Starting at the line below holding "Với vẻ đẹp dịu" and stopping at the line holding "Mugg med fotbollstema", print every line exactly, both ends included, and leave the rest out.

══ GIVEN ENTRIES

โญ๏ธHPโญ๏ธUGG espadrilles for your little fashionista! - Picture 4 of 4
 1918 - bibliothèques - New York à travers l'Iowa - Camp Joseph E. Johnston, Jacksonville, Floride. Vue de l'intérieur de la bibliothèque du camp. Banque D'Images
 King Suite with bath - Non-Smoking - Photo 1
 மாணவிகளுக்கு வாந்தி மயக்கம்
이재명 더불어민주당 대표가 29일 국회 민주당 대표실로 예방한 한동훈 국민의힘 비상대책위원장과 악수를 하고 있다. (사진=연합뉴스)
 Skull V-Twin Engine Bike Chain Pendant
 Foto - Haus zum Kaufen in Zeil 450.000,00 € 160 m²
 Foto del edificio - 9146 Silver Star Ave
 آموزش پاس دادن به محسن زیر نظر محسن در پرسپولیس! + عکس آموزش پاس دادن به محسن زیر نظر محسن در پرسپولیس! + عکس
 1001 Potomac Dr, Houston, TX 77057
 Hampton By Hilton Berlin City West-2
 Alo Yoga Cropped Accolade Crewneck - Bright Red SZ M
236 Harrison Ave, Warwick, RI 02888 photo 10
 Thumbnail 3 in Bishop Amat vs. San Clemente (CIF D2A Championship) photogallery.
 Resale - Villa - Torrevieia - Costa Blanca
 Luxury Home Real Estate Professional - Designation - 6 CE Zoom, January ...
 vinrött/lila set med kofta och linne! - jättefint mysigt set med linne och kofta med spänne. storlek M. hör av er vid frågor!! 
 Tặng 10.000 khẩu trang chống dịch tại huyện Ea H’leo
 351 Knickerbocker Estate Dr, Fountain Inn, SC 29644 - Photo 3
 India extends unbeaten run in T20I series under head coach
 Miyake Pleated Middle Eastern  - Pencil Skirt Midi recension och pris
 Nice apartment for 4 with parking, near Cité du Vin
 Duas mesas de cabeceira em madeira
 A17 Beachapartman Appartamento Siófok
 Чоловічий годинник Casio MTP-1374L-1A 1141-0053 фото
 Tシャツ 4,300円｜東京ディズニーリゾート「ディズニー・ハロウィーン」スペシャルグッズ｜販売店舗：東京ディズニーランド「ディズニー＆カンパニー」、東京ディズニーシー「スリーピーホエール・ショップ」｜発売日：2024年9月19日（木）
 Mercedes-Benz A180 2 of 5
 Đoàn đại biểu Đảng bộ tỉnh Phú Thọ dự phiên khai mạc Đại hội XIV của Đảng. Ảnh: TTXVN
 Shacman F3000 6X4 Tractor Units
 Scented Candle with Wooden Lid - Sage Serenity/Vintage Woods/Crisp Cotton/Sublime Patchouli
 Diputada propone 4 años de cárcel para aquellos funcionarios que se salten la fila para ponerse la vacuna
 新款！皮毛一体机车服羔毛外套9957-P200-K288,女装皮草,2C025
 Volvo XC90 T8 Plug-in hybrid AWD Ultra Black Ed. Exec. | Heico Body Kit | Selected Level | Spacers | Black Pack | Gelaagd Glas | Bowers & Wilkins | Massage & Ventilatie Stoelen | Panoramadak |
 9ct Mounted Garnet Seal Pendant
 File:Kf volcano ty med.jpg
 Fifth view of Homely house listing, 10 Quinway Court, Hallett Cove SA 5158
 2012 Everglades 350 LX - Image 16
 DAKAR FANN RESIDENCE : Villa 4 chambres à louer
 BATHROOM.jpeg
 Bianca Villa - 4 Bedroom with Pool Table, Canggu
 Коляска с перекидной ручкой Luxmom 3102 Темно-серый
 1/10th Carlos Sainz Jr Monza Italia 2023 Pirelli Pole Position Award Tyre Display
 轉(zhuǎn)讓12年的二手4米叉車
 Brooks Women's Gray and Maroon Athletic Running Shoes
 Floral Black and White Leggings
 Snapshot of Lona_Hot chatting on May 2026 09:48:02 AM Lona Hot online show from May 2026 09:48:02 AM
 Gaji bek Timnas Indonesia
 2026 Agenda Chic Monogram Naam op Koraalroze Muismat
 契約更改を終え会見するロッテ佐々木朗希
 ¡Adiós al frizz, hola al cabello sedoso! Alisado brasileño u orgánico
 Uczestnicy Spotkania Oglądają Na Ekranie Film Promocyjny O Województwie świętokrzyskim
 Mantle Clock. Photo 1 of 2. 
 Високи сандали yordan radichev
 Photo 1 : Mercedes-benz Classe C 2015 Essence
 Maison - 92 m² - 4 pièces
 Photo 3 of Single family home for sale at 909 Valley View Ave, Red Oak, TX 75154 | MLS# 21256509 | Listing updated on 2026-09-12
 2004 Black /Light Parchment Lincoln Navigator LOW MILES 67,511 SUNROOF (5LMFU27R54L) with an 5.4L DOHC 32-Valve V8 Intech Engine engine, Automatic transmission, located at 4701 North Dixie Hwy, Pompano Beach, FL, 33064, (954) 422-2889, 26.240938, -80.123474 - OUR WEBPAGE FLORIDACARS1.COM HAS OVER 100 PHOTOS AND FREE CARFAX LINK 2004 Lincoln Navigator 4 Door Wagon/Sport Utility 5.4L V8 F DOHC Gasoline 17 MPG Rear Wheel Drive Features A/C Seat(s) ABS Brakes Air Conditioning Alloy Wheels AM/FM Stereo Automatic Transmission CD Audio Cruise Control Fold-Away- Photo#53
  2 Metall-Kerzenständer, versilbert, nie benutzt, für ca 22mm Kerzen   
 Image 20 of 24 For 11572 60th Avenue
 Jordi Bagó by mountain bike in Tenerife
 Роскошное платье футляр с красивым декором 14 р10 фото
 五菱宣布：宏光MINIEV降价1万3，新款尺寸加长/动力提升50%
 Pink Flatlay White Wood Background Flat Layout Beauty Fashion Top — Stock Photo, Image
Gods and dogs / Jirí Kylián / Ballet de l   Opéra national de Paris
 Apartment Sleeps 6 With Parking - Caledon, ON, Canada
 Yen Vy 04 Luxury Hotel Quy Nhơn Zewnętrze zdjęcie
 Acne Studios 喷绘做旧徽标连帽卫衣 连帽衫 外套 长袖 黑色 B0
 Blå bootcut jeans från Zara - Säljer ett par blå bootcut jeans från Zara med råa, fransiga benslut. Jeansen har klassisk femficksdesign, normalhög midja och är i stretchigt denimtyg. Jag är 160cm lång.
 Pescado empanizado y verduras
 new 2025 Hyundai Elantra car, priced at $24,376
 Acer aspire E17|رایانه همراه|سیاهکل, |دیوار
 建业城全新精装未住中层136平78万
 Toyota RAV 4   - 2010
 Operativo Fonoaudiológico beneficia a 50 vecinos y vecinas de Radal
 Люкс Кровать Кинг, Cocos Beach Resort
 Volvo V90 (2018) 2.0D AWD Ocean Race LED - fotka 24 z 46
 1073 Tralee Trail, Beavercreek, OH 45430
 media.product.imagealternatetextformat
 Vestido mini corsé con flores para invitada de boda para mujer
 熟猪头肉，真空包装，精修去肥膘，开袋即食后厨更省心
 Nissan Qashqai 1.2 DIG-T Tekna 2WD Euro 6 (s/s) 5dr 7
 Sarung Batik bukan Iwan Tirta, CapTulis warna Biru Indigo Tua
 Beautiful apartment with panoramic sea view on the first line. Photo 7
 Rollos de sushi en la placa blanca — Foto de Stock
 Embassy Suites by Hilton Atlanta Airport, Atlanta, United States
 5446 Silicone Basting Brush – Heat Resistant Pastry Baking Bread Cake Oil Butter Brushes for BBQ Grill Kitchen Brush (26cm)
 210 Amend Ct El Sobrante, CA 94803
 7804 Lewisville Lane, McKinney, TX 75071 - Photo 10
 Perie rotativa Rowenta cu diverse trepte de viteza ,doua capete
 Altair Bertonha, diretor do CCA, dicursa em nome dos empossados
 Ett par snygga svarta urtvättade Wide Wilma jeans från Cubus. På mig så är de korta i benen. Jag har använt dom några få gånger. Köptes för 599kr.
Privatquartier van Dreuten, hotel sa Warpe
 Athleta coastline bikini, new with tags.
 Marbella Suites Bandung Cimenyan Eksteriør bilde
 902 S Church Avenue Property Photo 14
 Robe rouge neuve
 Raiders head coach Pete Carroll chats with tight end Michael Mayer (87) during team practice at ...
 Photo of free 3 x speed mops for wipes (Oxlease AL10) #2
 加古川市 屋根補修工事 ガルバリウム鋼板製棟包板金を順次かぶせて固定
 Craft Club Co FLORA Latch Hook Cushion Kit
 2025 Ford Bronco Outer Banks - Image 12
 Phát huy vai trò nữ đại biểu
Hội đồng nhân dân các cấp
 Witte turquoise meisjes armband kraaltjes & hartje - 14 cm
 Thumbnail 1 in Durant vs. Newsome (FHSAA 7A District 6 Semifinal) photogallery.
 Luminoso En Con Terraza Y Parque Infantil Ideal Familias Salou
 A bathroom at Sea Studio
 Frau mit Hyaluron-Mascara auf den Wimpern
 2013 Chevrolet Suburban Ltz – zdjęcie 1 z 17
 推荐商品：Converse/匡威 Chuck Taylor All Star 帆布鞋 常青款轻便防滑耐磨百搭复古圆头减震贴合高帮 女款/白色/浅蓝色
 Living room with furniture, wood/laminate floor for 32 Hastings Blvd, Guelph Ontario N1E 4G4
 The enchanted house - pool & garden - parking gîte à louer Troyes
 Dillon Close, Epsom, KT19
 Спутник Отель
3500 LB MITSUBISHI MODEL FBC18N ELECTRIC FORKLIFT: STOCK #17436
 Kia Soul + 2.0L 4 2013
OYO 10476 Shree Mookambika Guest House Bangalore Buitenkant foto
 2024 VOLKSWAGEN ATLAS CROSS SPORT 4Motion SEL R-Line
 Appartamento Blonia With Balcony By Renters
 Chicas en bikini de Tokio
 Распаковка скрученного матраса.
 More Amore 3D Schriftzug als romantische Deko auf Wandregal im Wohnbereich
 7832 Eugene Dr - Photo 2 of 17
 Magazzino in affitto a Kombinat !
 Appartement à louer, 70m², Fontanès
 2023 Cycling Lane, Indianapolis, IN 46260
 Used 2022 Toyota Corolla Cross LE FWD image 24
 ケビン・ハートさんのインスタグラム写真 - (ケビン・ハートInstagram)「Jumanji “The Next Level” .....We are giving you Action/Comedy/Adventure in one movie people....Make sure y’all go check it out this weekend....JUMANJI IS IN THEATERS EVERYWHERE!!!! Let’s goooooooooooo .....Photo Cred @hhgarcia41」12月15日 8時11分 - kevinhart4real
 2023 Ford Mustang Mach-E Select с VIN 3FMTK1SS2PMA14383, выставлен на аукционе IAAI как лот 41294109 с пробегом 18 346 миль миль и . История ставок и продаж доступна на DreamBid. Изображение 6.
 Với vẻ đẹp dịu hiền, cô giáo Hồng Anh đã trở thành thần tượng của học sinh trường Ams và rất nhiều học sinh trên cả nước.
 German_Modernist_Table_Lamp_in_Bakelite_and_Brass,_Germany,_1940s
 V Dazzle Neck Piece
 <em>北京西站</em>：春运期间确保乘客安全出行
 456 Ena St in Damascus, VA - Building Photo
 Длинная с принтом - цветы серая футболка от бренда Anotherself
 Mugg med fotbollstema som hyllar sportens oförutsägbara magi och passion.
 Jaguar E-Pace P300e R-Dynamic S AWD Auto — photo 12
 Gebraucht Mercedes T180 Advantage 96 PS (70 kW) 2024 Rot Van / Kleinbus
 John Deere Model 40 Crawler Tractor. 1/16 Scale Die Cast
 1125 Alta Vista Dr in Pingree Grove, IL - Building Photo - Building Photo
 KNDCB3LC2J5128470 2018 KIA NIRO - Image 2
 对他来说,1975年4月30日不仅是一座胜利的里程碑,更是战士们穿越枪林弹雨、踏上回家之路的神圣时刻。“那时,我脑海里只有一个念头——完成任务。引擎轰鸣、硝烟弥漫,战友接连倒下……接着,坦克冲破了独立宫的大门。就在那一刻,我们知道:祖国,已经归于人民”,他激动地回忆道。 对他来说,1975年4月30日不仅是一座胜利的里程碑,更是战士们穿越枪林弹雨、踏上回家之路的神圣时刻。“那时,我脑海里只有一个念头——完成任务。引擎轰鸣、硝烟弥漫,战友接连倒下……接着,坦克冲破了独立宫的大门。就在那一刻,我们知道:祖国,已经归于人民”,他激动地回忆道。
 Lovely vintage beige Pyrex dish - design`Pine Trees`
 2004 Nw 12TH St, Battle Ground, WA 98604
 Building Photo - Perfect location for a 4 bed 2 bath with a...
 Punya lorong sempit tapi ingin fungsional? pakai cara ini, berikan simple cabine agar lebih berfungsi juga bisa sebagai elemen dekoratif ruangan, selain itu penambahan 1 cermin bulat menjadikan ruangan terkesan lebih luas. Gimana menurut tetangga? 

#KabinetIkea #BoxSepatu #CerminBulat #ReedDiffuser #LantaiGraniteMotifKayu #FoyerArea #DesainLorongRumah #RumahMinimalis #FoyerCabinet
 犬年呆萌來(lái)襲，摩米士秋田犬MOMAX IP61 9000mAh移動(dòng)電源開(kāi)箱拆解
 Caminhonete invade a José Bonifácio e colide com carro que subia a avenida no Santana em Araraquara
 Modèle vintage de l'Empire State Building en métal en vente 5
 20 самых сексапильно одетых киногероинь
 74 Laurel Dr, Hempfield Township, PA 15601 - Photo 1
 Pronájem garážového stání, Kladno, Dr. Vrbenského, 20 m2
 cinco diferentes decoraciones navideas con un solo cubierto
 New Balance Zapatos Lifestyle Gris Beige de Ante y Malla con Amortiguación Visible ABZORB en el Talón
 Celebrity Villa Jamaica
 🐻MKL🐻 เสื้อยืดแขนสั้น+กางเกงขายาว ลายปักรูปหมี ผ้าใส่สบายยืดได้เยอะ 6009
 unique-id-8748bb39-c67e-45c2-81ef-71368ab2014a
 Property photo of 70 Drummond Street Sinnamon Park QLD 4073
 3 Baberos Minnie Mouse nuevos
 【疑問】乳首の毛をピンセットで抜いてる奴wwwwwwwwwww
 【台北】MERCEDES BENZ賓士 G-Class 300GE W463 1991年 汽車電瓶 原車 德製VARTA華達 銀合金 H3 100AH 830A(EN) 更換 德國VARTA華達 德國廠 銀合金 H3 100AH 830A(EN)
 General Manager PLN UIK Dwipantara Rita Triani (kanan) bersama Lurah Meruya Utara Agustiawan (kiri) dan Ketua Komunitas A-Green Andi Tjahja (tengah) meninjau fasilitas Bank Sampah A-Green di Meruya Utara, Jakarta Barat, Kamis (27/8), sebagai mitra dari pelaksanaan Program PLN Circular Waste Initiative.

════

— ANSWER BELOW —
 Với vẻ đẹp dịu hiền, cô giáo Hồng Anh đã trở thành thần tượng của học sinh trường Ams và rất nhiều học sinh trên cả nước.
 German_Modernist_Table_Lamp_in_Bakelite_and_Brass,_Germany,_1940s
 V Dazzle Neck Piece
 <em>北京西站</em>：春运期间确保乘客安全出行
 456 Ena St in Damascus, VA - Building Photo
 Длинная с принтом - цветы серая футболка от бренда Anotherself
 Mugg med fotbollstema som hyllar sportens oförutsägbara magi och passion.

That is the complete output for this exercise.